:: Directions ::
Your answer should be every line from the records that contains "Ford".

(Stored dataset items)
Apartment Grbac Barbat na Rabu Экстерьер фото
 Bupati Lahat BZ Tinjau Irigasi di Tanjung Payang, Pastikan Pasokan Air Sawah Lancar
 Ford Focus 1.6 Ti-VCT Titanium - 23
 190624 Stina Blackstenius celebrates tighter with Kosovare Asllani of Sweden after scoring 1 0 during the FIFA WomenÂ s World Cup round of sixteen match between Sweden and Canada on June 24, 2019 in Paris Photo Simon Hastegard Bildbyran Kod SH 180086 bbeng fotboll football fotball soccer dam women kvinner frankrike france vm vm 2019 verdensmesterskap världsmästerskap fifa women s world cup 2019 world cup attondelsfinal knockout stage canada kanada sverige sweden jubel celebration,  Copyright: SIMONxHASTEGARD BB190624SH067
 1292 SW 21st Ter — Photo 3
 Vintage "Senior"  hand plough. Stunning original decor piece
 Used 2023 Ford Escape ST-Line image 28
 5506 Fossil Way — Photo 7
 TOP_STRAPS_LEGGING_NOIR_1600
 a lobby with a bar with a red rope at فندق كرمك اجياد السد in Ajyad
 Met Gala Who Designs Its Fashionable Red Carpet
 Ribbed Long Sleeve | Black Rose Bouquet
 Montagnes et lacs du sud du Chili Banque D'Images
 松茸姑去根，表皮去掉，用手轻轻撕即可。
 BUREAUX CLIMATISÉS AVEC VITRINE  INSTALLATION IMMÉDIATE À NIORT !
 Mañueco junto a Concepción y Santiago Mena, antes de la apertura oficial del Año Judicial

:: Task result ::
 Ford Focus 1.6 Ti-VCT Titanium - 23
 Used 2023 Ford Escape ST-Line image 28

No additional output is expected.